◆ **Dataset section**
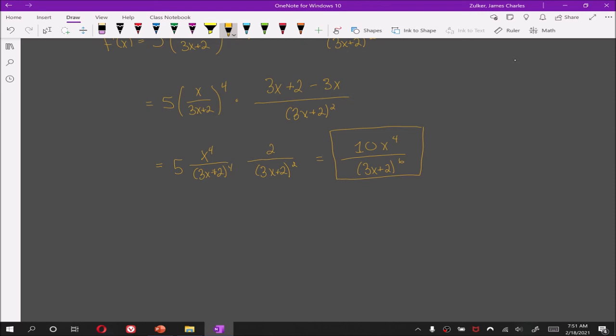And with that our video on the chain rule has come to an end. In the next video in this series we'll be looking at taking the derivative of functions that involve exponentials and logarithms.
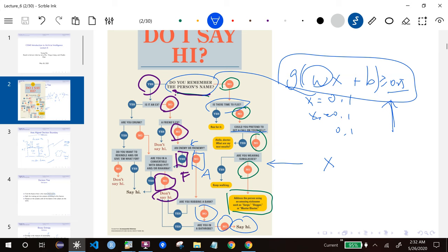The other reason why we want a tree is we can also separate the features that are important from those that are not important. Usually the things at the top of the tree or near the root are more important features — that's why we ask those questions first. We're not going to ask something like 'are you robbing a bank?' at the root. We're going to ask something more informative at the beginning. So these are the two good properties of training a tree instead of a mathematical classifier.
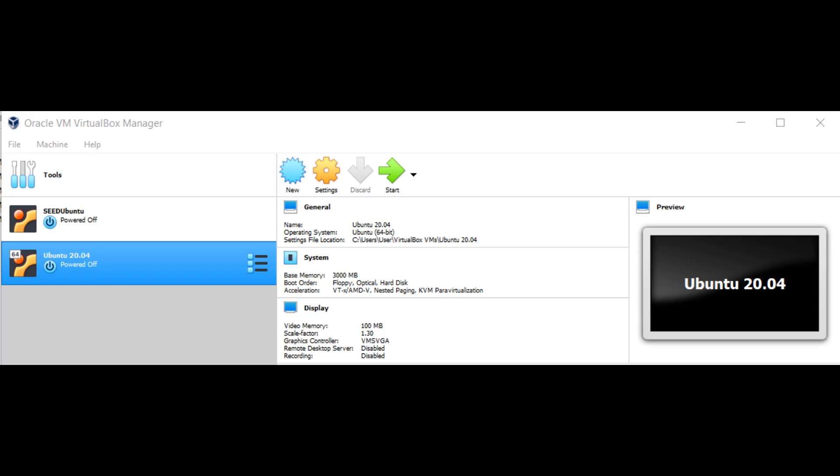Assalamualaikum and hi. My name is Muhammad Dadan bin Jeffrey and today I'll demonstrate how to create and compile MPI files on Ubuntu.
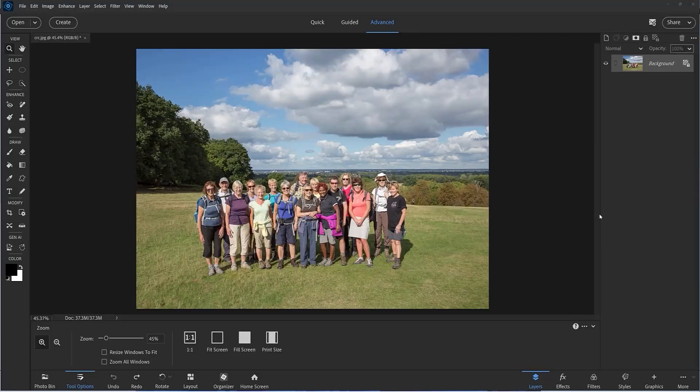Hi, this is John. Welcome to another video. Today I'm introducing the new Optimized Crop tool in Photoshop Elements, which is now powered by the GPU. So depending on your computer specifications, you should see some improvement in performance of this tool.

◆ **Work instructions**
Print the lines from the line with "The other reason" to the end of the data above. Include both ends, exclude the pictures, and add nothing else.

◆ **Output for this exercise**
The other reason why we want a tree is we can also separate the features that are important from those that are not important. Usually the things at the top of the tree or near the root are more important features — that's why we ask those questions first. We're not going to ask something like 'are you robbing a bank?' at the root. We're going to ask something more informative at the beginning. So these are the two good properties of training a tree instead of a mathematical classifier.
Assalamualaikum and hi. My name is Muhammad Dadan bin Jeffrey and today I'll demonstrate how to create and compile MPI files on Ubuntu.
Hi, this is John. Welcome to another video. Today I'm introducing the new Optimized Crop tool in Photoshop Elements, which is now powered by the GPU. So depending on your computer specifications, you should see some improvement in performance of this tool.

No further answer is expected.